Göppingen - Für die Göppinger Polizei ist der 6. Oktober der arbeitsreichste Tag des Jahres gewesen. Und auch jetzt, zweieinhalb Monate danach, macht der damalige Aufmarsch von Neonazis und die damit verbundene Gegendemonstration bei der zuständigen Abteilung für Staatsschutz der Göppinger Polizeidirektion noch viel Arbeit. Insgesamt 200 Ermittlungsverfahren würden bei der Polizei geführt, erklärte Ayfer Kaplan-Pirl von der Ulmer Staatsanwaltschaft auf Anfrage. Erst eines sei abgeschlossen und der Anklagebehörde vorgelegt worden. Doch auch in diesem Fall werde die Entscheidung über eine Anklageerhebung noch einige Zeit auf sich warten lassen. „Es ist nicht sinnvoll, ein Verfahren isoliert voranzutreiben“, sagte die Staatsanwältin. Schließlich komme es bei der juristischen Beurteilung auch auf das Gesamtbild an.

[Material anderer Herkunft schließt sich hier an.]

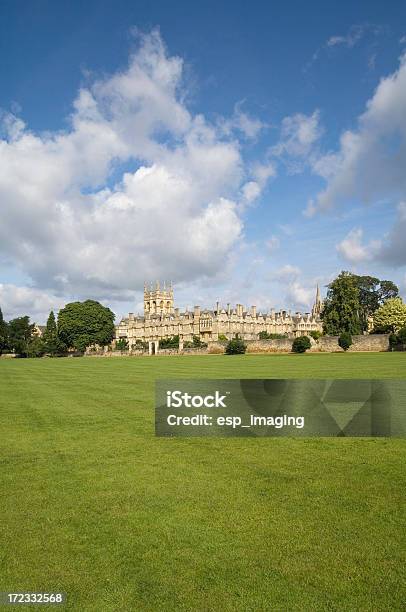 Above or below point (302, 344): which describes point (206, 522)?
below

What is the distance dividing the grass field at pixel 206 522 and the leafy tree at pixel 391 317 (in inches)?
2901

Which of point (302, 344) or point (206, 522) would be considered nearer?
point (206, 522)

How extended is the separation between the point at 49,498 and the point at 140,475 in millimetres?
1596

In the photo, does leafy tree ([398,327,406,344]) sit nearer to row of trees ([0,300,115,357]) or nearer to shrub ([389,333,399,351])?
shrub ([389,333,399,351])

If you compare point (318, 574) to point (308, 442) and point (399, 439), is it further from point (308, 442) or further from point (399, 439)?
point (399, 439)

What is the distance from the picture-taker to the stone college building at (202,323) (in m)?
114

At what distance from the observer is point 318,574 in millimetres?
4941

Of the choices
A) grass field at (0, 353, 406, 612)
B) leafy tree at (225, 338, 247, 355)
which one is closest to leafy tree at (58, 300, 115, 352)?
leafy tree at (225, 338, 247, 355)

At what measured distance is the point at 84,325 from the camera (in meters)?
97.6

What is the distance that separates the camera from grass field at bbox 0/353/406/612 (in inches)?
186

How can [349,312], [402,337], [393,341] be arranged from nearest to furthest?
[402,337] → [393,341] → [349,312]

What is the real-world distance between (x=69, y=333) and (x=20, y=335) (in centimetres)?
1343

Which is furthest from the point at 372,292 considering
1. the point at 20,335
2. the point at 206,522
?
the point at 206,522

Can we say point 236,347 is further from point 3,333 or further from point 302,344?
point 3,333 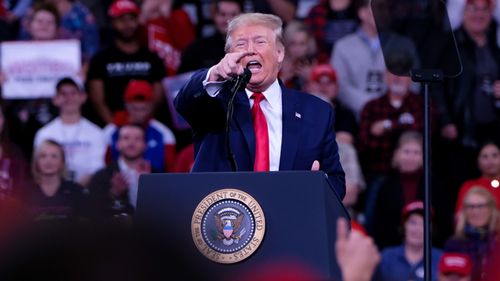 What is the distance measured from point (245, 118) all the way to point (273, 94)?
0.19m

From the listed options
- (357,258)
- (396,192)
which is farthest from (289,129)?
(396,192)

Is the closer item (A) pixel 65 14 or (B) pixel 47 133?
(B) pixel 47 133

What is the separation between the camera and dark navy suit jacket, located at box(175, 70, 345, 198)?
3850 mm

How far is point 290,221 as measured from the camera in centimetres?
325

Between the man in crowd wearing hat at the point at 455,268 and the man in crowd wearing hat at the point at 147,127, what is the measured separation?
113 inches

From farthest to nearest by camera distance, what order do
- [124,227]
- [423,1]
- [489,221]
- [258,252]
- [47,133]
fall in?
[423,1], [47,133], [489,221], [258,252], [124,227]

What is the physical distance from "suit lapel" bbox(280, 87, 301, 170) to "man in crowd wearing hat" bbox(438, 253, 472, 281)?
2790 mm

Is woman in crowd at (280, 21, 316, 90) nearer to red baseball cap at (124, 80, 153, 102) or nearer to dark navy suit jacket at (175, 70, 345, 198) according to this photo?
red baseball cap at (124, 80, 153, 102)

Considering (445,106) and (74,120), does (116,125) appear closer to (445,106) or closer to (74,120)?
(74,120)

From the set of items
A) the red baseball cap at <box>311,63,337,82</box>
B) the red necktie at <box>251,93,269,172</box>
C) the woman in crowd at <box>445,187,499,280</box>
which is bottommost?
the woman in crowd at <box>445,187,499,280</box>

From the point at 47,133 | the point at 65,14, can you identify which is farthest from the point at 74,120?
the point at 65,14

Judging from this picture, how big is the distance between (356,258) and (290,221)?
1056 millimetres

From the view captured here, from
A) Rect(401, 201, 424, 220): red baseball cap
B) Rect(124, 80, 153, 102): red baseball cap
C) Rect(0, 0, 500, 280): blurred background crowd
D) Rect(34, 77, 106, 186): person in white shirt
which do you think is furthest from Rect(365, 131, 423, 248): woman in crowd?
Rect(34, 77, 106, 186): person in white shirt

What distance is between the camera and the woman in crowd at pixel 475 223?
7320 mm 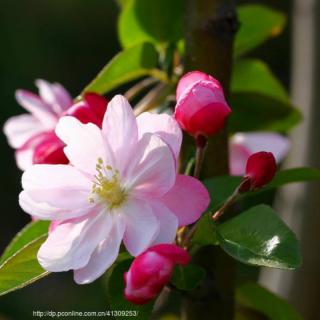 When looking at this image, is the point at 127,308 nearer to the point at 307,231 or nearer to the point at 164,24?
the point at 164,24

Die ermittelnden Beamten hätten in den vergangenen Wochen umfangreiches Bildmaterial analysiert. Die Sichtung sei allerdings noch nicht vollständig abgeschlossen. Demnach könnten weitere Ermittlungsverfahren hinzukommen, sagte Kaplan-Pirl. Unter den Tatvorwürfen finde sich die gesamte Palette – von Widerstand gegen die Staatsgewalt, Beleidigung, Sachbeschädigung bis zur versuchten und gefährlichen Körperverletzung. Daneben werde auch wegen Demonstrationsdelikten wie Landfriedensbruch, Zusammenrottung und wegen Verstößen gegen das Vermummungsverbot ermittelt.
In sieben Fällen wird auch gegen Polizisten ermittelt
Der Großteil der Beschuldigten sei dem Lager gewaltbereiter Gegendemonstranten zuzurechnen, sagte Kaplan-Pirl. Es werde aber auch gegen sechs namentlich bekannte Neonazis ermittelt. Am 6. Oktober waren 150 sogenannte Nationale Sozialisten, streng beschützt von 2000 Polizisten, durch Göppingen marschiert. Dagegen hatten 2000 Menschen zunächst friedlich demonstriert. Später kam es dann zu Ausschreitungen, als laut der Polizei rund 600 teils vermummte Gegendemonstranten versuchten, die Polizeisperren zu durchbrechen. Elf Personen wurden gleich festgenommen. Weitere konnten mittlerweile offenbar anhand von Videomitschnitten identifiziert werden.
Allerdings bestätigte die Staatsanwaltschaft, dass in sieben Fällen auch gegen Polizisten ermittelt werde. Ihnen werde Beleidigung und Körperverletzung vorgeworfen. Aus den Reihen der Gegendemonstranten wurde der Polizei ebenfalls ein Video vorgelegt, das die Vorwürfe bestätigen soll. Es sei noch nicht ausgewertet.
Weitere Verfahren vor Amtsgericht und Landgericht
Derweil verurteilte das Amtsgericht in dieser Woche einen 21-jährigen Mann, der bei einem kleineren Aufmarsch im April Eier auf die rechtsradikalen Demonstranten geworfen hatte, zu einer Geldstrafe von 30 Tagessätzen zu 15 Euro. Der arbeitslose Göppinger akzeptierte das Urteil, nachdem die Tagessatzhöhe mit Rücksicht auf seine Finanzen halbiert worden war.
In zwei anderen Fällen wird es jedoch zu Berufungsverhandlungen vor dem Ulmer Landgericht kommen. Zwei Männer, die jeweils einen der Naziaufmärsche im Frühjahr organisiert haben, wollen ihre Verurteilungen wegen Verstößen gegen das Versammlungsgesetz nicht akzeptieren. Auch auf der Straße geben die Neonazis nicht auf. Bei der Göppinger Waldweihnacht verteilten sie, als Nikoläuse verkleidet, Süßigkeiten und Flugblätter.